ノーカントリー

すごい。
テレビやら何やらでの前評判が高いから期待値も高くしていったんだけど、そのハードルをなお越えていた。


まず何よりも印象に残ったのは、音。BGMはほとんど入らない。ハリウッド映画なんかだと「いかにして音楽をうまいこと使って、映像とストーリーでは作れなかった感情への訴えかけを補完する」という意図が満載のつくりになっている。音楽を有効に使うことは正しいことだと思うのだけど、大作系はいきすぎだと感じている。

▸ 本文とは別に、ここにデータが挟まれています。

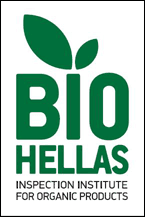 BIO HELLA Inspection Institute for Organic Products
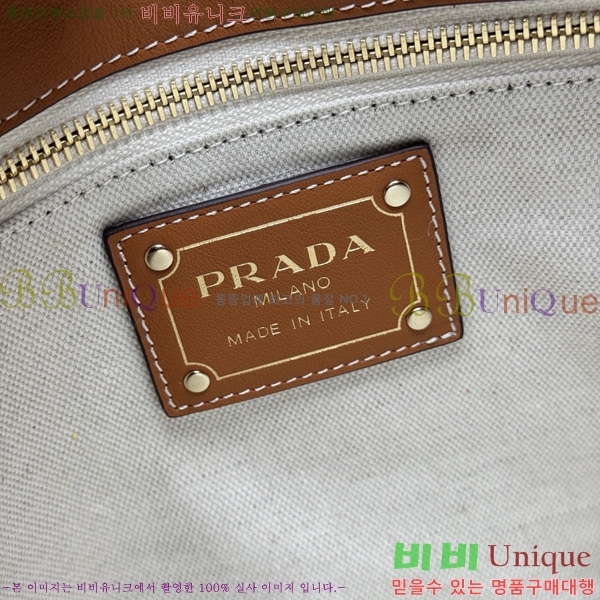 #����� ���̹� ���� ũ�μ� �� 1BC247-200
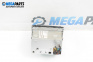 CD player for Kia Cee'd Sportswagon I (09.2007 - 12.2012)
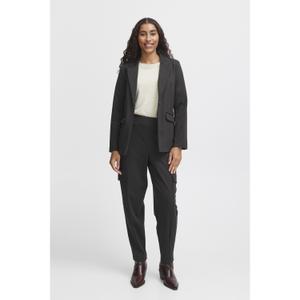 20812846-200451-blazer-longo-feminino-b-young-rizetta-2-preto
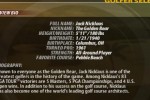 Tiger Woods PGA Tour 2005 (Xbox)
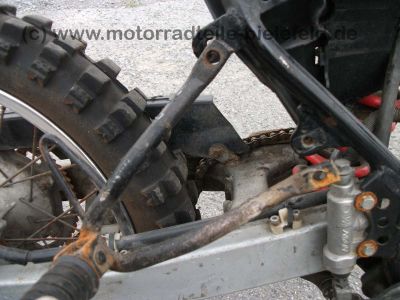 Yamaha_DT_125_80_50_DT125_DT80_LC_R_Mix_4BL_3BN_34X_53V_10V_60.jpg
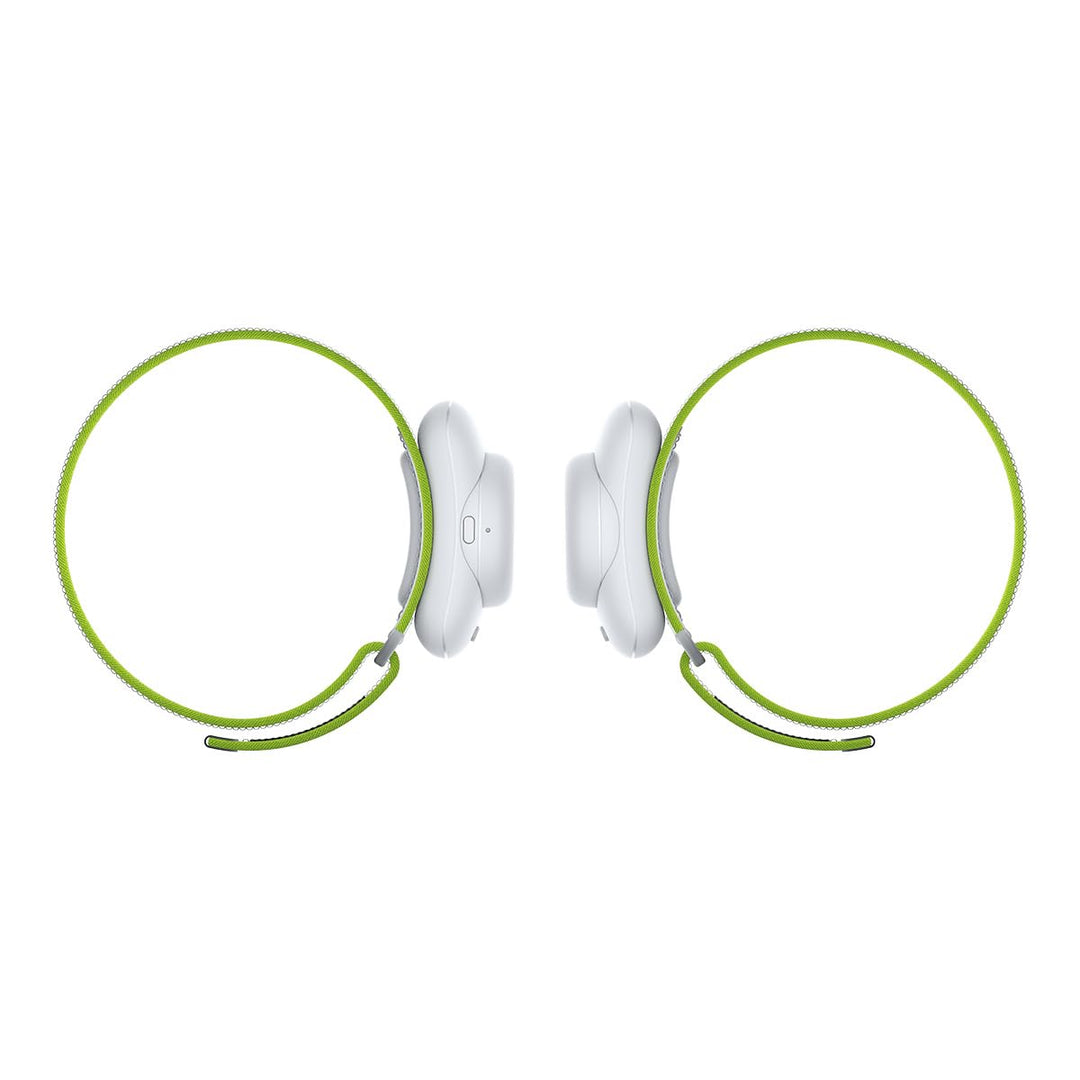 PICO Motion Trackers for PICO 4 and PICO 4 Ultra - X4010ST43465H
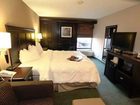 фото отеля Quality Inn & Suites North Little Rock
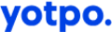 Yotpo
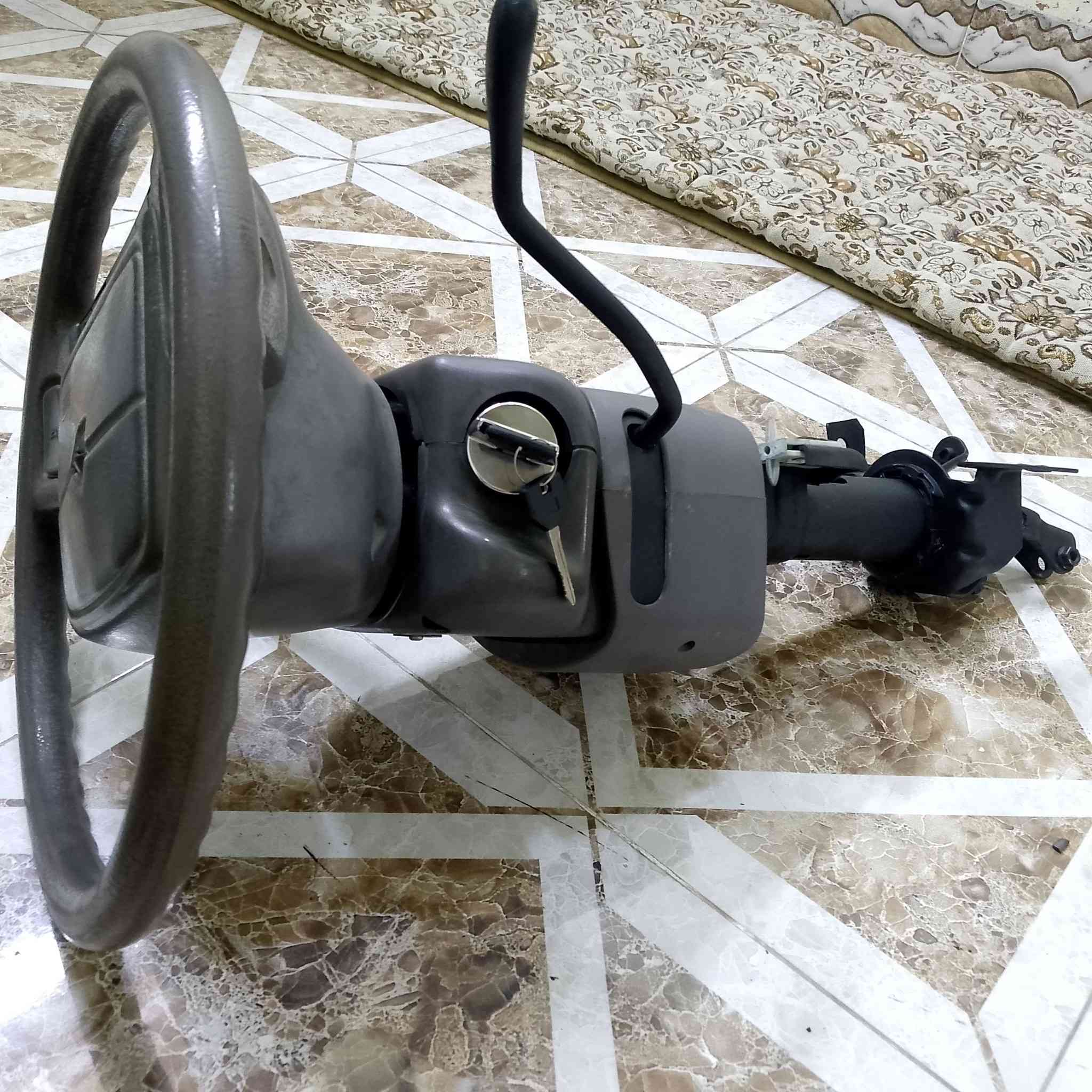 عالم الستيرن والاسعار مناسبه حيل ويوجد لدينا توصيل لجميع المحافظات***********
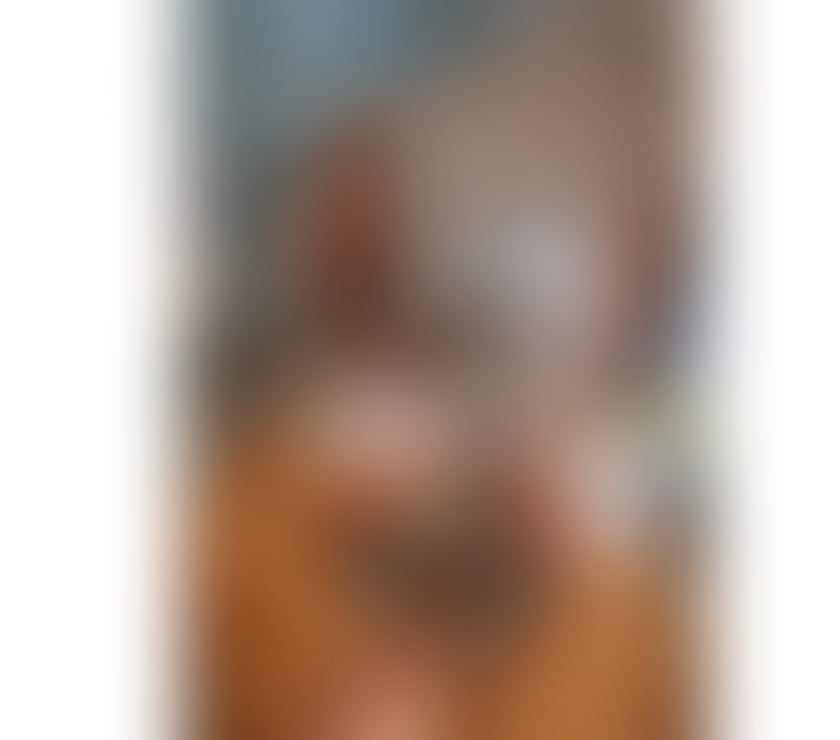 Escorts West Midlands Coventry - Photos for OUTCALL ONLY Supersexy stunning milf 57yrs!! 🤩😝
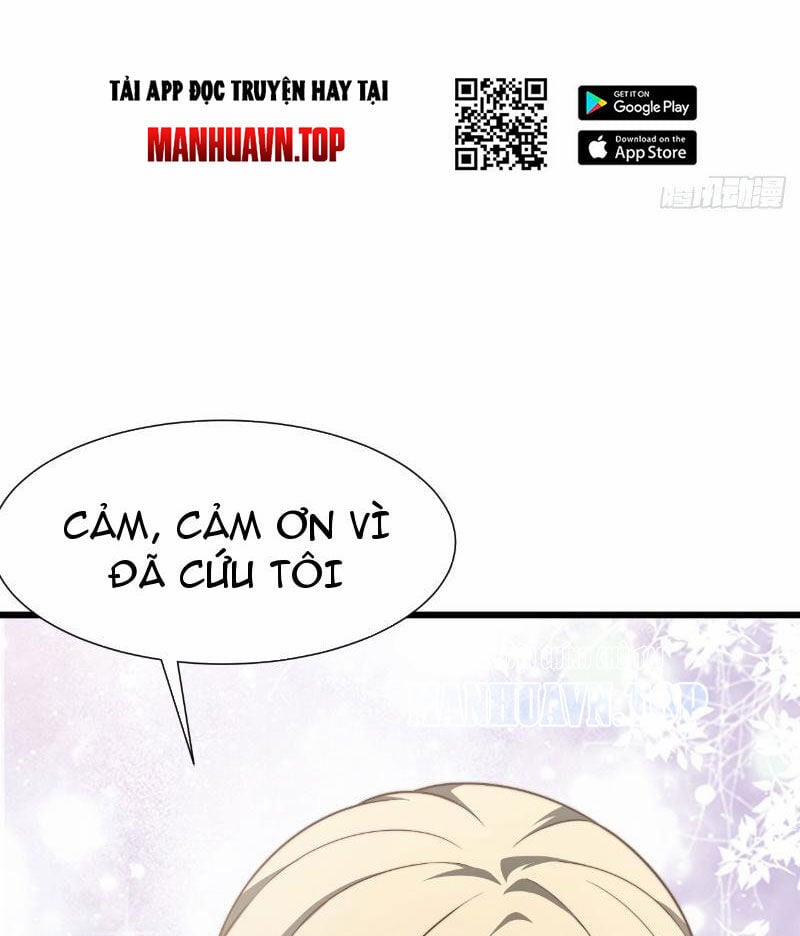 manhwax10.com - Truyện Manhwa Cái Bóng Phản Bội Của Gia Tộc Chương 8 Trang 73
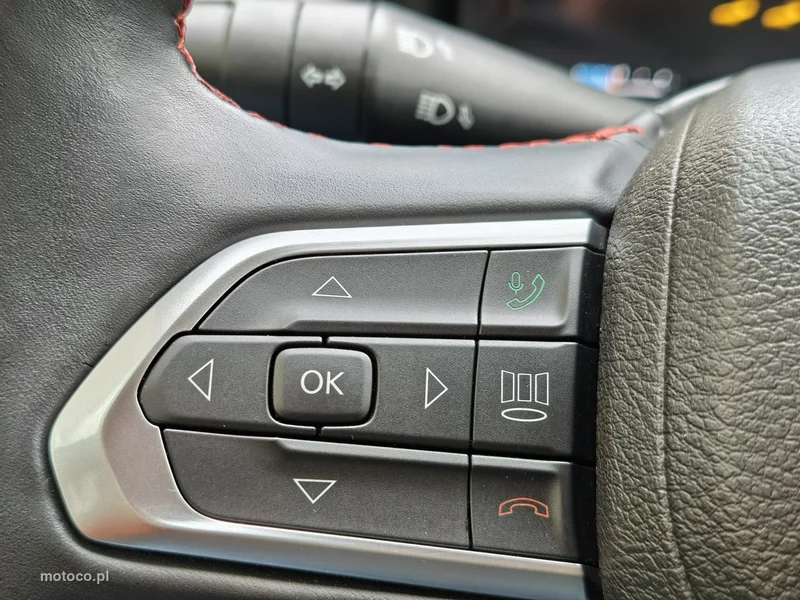 Jeep Compass 30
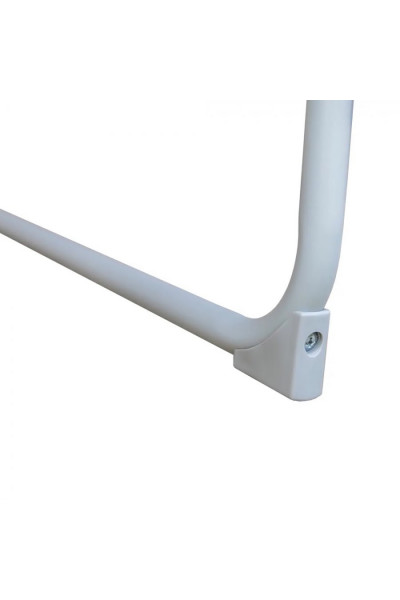 Стол складной Tramp TRF-015 Стол складной Tramp TRF-015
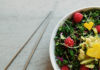 how to lower cholesterol quickly, foods that lower cholesterol fast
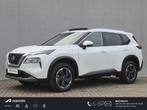 Nissan X-Trail 1.5 MHEV 163pk Tekna Automaat / Fabrieksgaran, 1497 cc, Gebruikt, Euro 6, Wit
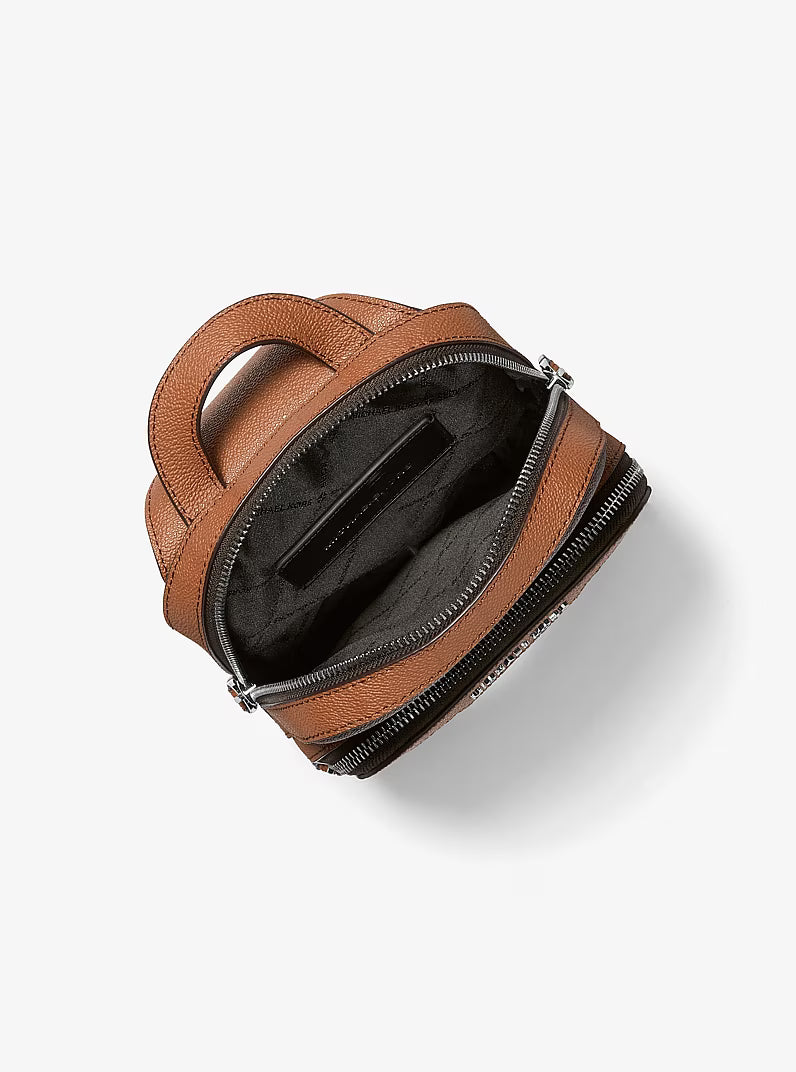 Hudson Signature Logo Sling Pack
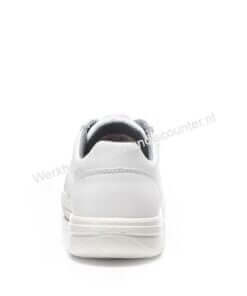 werkhandschoenendiscounter 72081-40-4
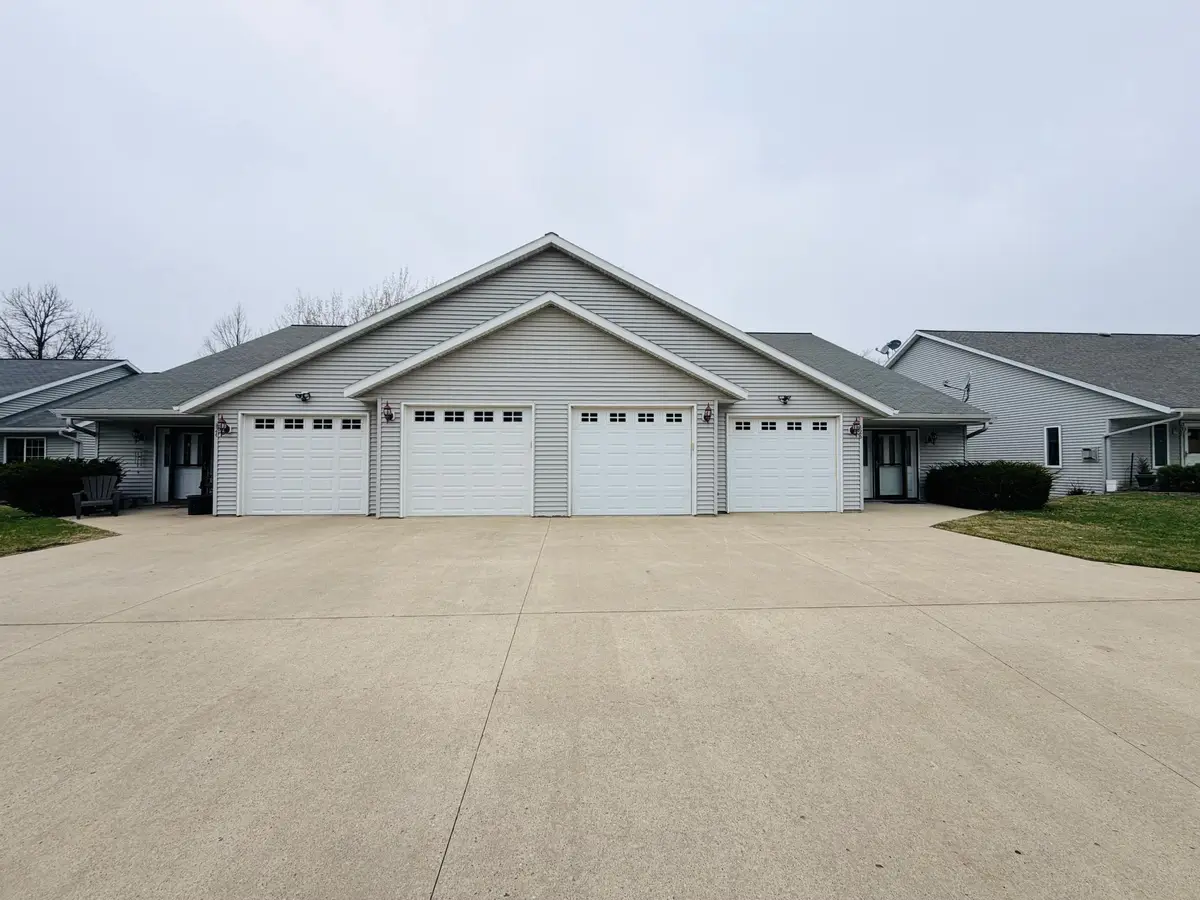 826 N Mckay Avenue Ne, Alexandria, MN 56308 - #1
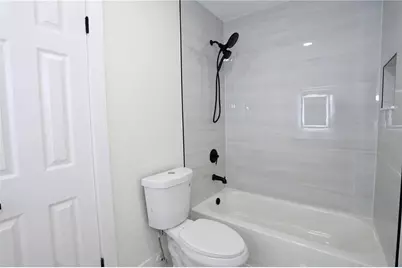 2801 Waumpi Trail, Maitland, FL 32751 - Photo 28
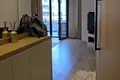 1 room apartment 120 m² in Bashkia Durres, Albania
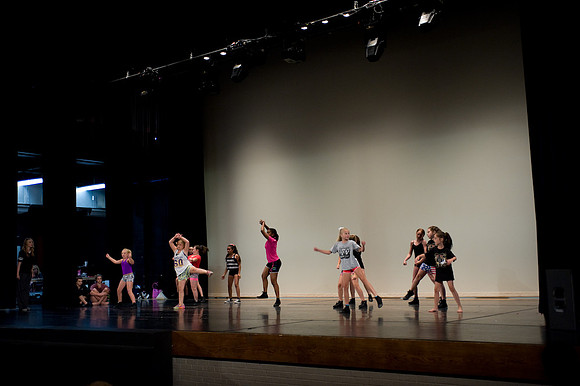 thibodeauxdance2015-81101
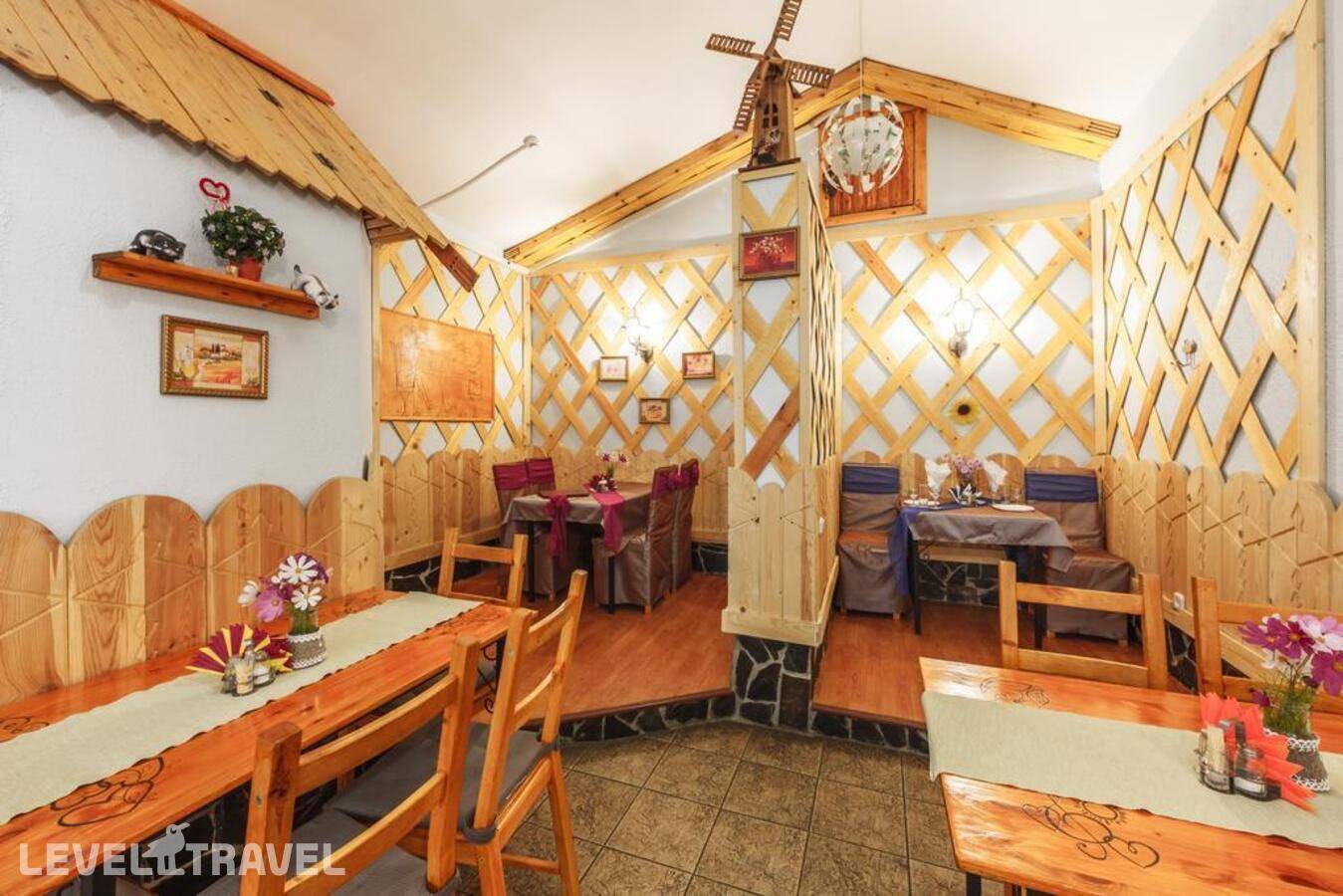 Изображение отеля 50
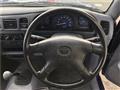 2003 Toyota Hilux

それにくらべるとこの作品は、それが一切無い。にもかかわらず、信じられないくらいの緊張感がみなぎっている。ストーリーと演出(役者の演技含む)だけで表現し尽くしているあらゆるシーンで


 「何かが起こりそう」


という漠然とした不安感がよぎり、音楽のない静けさと、それに伴う物音や人間の呼吸音のリアルさが、ひたすら感情をゆさぶってくる。黒澤清監督が「このドアの向こうには何かありそう、と思わせる演出へのこだわり」について語っていたのを聞いたことがあるのだけど、それってこういうことなんだな、と実感させられる場面に何度も何度もであった。



しかし、音楽がないのにどうしてこれだけの緊迫感を味わわせることが出来るのだろう。
思ったのは、観客の頭に「思い込み」をこびりつかせた、ということ。
冒頭部からかなり念入りに
 ・何をしでかすかわからないキャラクター
 ・「何が起きるか想像できない」ことが起きていくストーリー展開
を印象づかせるように物語が作られていたと思う。宣伝でもそれを感じさせるような内容を伝えているうえに、冒頭部からそれがさらに刷り込ませるようになっている。ここまで丁寧に流れを作られると、観客も「その気」になって観てしまうものだ。


それと、(これは映画を観ているときは気づかなかったので違うかもしれないのだけど)映像の作り(光や色合いの加減、構図、セット、等)で、何かが起こるときとそうでないとき、それぞれの共通するものを用意していたようにも思う。
もうちょっというと、意図的に「一般的に感じやすい印象とは別のこと」となるようにしていたかもしれない。たとえば、暗い状況で人を殺す場面が意外と少ない。でも、人の感覚として、暗いほうがなんか怖いというのはあるはず。明るいときにあんな場面があったのだから、と思ってみていたら、実際は大きな出来事は起こらない暗い場面でも、何かが起きたときに負けないくらいの緊張感で見てしまうんじゃないかと思う。そういったことが意図的に使われている気がした。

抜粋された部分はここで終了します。